Mas Mengele está longe de ser uma personagem central na história, o que é ainda mais evidente na opção que a autora tomou em narrar a história em capítulos alternados com os pontos de vista de ambas as gémeas, narrados na primeira pessoa. As vicissitudes do dia-a-dia de ambas são-nos mostradas através dos seus olhos inocentes, que nos contam, por exemplo, como um pedaço de fio é constantemente tricotado e desmanchado por elas próprias e pelos seus colegas de infortúnio.
Um dos grandes desafios para a autora terá sido, penso eu, encontrar vozes distintas para as suas protagonistas, uma vez que ambas narram a história na primeira pessoa. Apesar de duas metades do mesmo todo, as gémeas possuem cada uma as suas características: Pearl, mais realista e ponderada; Stasha, mais esperançosa e menos resignada. A ligação profunda entre as duas é muito bem explorada e o leitor fica sempre com a sensação que nenhumas palavras seriam suficientes para a descrever – e isto já partindo das belíssimas descrições que com que a autora aqui nos presenteia.
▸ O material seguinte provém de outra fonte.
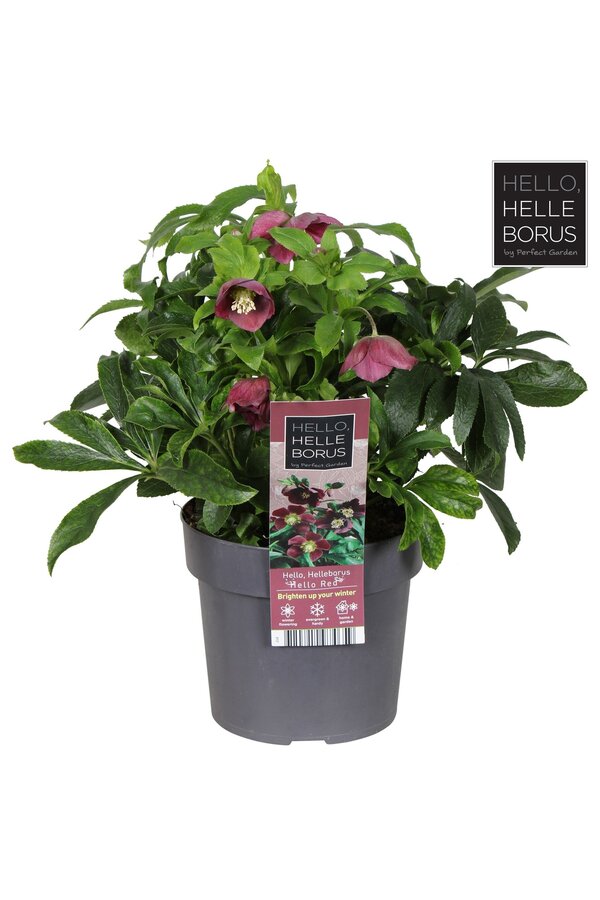 Helleborus orientalis Hello Red P17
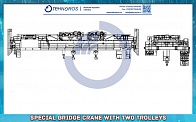 Special bridge crane with two trolleys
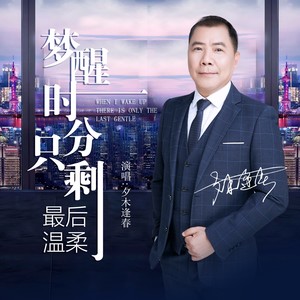 梦醒时分只剩最后温柔 (DJ何鹏版伴奏)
E isto leva-me àquele que julgo ser o grande trunfo deste livro: a prosa. Num estilo poético e quase etéreo, Affinity Konar apresenta-nos uma história repleta de sensibilidade e detalhes que, nunca escondendo os horrores que fizeram parte desta realidade, os retrata de um modo auto-contido. Na verdade, ainda que o espaço físico acabe por não se confinar a Auschwitz devido ao fim da guerra, o espaço emocional gira muito em volta das duas irmãs e da incompletude que sentem quando não estão juntas. Deste modo, o leitor não deve esperar grandes desenvolvimentos acerca do contexto, nomeadamente Auschwitz ou mesmo a personagem de Mengele. Provavelmente, Affinity Konar achou que já tanto foi dito sobre ambos e quis aqui – com grande sucesso, diga-se de passagem – dar uma perspetiva mais intimista acerca de alguns dos vários horrores que fizeram parte deste evento da História.
Um livro que vale pela voz única da sua autora e pela extrema sensibilidade da história destas duas gémeas. Recomendado.